Esta história, eu li faz algum tempo. Mas, como uma pessoa que vive de escrever histórias, gosto de colecioná-las e, de quando em quando, vou lá mexer nos meus arquivos da vida. Esta história, se não tivesse sucedido, quisera eu tê-la escrito.
Trata-se de um casamento, e os casamentos sempre soam no imaginário das gentes. Príncipe casa com plebeia. Fantasma da ópera casa com faxineira do teatro. E por aí afora. Porém esta história – da menina que casou com um cachorro – foi das mais deliciosas que li. A boda sucedeu há alguns anos, no povoado de Khanyan, na Índia. Eu me senti dentro de um livro do Garcia Marquez ou de V.S. Naipaul. Mas, como a vida sempre dá de lambuja na ficção, isso não saiu de nenhum livro, mas sim das páginas de um grande jornal. Aliás, a matéria tinha até fotografia: Kamamoni Handsa, de nove anos, acabara de casar com um digníssimo cachorro, e sorria para a câmera, assim um tanto confusa, com seu risinho subtraído de um fatídico dente, usando roupa de festa (pois houvera, sim, senhor, uma bela festa para mais de cem convidados), enquanto dava de comer ao marido.

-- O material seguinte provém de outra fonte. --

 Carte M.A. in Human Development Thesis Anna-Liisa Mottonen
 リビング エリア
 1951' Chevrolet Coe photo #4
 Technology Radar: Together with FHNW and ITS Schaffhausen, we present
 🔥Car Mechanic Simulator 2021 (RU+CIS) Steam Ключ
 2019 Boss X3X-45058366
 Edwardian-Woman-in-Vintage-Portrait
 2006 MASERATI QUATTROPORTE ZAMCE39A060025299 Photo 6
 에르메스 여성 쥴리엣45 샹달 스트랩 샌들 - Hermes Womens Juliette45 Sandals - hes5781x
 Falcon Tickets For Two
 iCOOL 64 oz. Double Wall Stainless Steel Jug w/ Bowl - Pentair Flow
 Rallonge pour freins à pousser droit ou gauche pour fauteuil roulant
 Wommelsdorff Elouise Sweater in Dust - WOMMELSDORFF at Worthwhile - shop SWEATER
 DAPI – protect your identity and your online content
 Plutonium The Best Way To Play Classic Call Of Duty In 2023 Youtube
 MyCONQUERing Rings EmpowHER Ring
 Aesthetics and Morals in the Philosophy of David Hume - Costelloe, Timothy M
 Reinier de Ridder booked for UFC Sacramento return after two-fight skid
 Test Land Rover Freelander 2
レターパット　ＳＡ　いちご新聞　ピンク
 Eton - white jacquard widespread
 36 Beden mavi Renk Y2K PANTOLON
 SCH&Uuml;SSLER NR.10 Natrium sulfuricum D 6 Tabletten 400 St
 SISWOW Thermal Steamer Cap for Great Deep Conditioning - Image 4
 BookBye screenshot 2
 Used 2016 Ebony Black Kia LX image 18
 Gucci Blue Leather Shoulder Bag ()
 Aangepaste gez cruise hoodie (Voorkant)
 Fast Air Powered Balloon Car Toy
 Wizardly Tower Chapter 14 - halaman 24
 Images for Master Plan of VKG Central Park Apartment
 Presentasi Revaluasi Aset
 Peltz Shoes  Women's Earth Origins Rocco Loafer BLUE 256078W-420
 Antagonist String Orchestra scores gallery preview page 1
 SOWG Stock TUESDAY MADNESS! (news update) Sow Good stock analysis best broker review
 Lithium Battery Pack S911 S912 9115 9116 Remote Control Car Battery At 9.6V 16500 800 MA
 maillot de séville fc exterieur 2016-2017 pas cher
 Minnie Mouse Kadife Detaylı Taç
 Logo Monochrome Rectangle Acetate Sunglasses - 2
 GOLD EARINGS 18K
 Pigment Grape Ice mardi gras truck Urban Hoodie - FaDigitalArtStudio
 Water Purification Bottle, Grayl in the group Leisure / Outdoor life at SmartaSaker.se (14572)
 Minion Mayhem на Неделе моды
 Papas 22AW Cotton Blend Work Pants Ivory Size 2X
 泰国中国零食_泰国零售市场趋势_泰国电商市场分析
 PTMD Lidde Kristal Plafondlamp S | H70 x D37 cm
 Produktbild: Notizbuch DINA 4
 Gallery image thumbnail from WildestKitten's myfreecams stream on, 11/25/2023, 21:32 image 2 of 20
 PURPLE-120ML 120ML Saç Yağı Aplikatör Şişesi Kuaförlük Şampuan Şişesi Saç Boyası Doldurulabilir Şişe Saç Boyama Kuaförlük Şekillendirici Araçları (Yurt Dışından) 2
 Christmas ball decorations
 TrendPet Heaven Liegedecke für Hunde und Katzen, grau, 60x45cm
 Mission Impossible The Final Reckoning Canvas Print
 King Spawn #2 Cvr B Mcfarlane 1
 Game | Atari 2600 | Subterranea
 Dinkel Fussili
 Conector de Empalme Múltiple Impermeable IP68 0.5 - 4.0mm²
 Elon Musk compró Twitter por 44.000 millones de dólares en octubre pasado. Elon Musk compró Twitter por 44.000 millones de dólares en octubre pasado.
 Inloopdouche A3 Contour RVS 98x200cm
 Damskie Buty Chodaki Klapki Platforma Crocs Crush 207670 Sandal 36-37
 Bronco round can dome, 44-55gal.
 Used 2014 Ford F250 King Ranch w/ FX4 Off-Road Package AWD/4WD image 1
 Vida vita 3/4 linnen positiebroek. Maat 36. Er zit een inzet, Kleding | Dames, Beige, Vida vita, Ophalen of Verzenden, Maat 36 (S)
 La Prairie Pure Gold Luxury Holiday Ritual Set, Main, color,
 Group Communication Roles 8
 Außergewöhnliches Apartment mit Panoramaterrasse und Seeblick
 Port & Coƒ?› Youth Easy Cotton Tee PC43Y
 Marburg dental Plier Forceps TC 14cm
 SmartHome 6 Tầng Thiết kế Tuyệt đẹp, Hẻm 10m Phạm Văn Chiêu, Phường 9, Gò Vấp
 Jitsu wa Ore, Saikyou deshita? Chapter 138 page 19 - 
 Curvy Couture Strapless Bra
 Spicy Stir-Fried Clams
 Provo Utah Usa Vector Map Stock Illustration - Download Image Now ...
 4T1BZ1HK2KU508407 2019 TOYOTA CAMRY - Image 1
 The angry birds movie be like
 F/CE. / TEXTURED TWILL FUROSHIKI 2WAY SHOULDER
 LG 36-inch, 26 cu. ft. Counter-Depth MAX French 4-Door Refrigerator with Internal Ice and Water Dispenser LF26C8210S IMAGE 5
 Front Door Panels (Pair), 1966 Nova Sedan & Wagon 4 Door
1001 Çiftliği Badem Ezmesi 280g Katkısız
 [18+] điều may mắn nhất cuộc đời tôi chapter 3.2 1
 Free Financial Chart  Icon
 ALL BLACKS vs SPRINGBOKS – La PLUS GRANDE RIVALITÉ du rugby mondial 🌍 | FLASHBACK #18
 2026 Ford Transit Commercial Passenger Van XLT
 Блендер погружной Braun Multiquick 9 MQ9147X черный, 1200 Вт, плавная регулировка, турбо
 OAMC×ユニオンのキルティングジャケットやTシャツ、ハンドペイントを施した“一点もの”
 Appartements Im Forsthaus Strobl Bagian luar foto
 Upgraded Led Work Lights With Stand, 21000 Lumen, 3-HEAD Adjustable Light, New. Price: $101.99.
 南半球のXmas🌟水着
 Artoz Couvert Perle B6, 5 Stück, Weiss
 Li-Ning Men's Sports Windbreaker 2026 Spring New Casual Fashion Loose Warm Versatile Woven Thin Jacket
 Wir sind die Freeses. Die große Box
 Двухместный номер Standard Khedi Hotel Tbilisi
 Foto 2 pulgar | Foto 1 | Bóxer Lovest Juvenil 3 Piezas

É certo que a pequena Kamamoni Handsa não foi parar no altar por qualquer coisica. Sucedera-lhe o gravíssimo fato de haver perdido, antes do tempo previsto, um dente da sua arcada superior, coisa que para a gente da sua tribo é sinal de mau agouro. E mau agouro que cai em cima de mulher, para eles só se resolve com casamento. Aconteceu então que o pai da menina, o senhor Baburam Hands, um camponês pobre de marré deci, não tinha dinheiro para o dote que atrairia um rapaz às núpcias com a sua azarada Kamamoni. Assim foi que Baburam resolveu casar a filha com o tal cachorro. O jornal não esclarecia em que circunstâncias fora escolhido o noivo. Se era um cachorro da casa, se era do bairro, ou se o cão estava passando naquela hora fatal da inspiração de Baburam. Não importa… Devia ser um cão bastante equilibrado, pela expressão que exibia na foto do jornal: um ar de leve espanto diante daqueles repentinos cuidados e atenções.
A nota terminava com algumas explicações práticas a respeito do matrimônio. Parece que o ritual não há de interferir na vida futura de Kamamoni, e que a garota é livre para se casar mais tarde, quando cansar de jogar a bolinha para o atual esposo ir buscar no terreiro dos fundos de casa. A menina não vai precisar nem ao menos se divorciar do cachorro (honorários advocatícios custam caro, e o senhor Baburam Hands, que não me pareceu nada bobo, deve saber muito bem disso). Vai ver, como a história já é antiga, a jovem Kamamoni até já casou de novo, e deve estar andando lépida e faceira por aí – mas o novo esposo não deve aceitar uma coleira tão facilmente…
Na foto, a cara de espanto de V.S. Naipaul: nem ele consegue acreditar numa história dessas!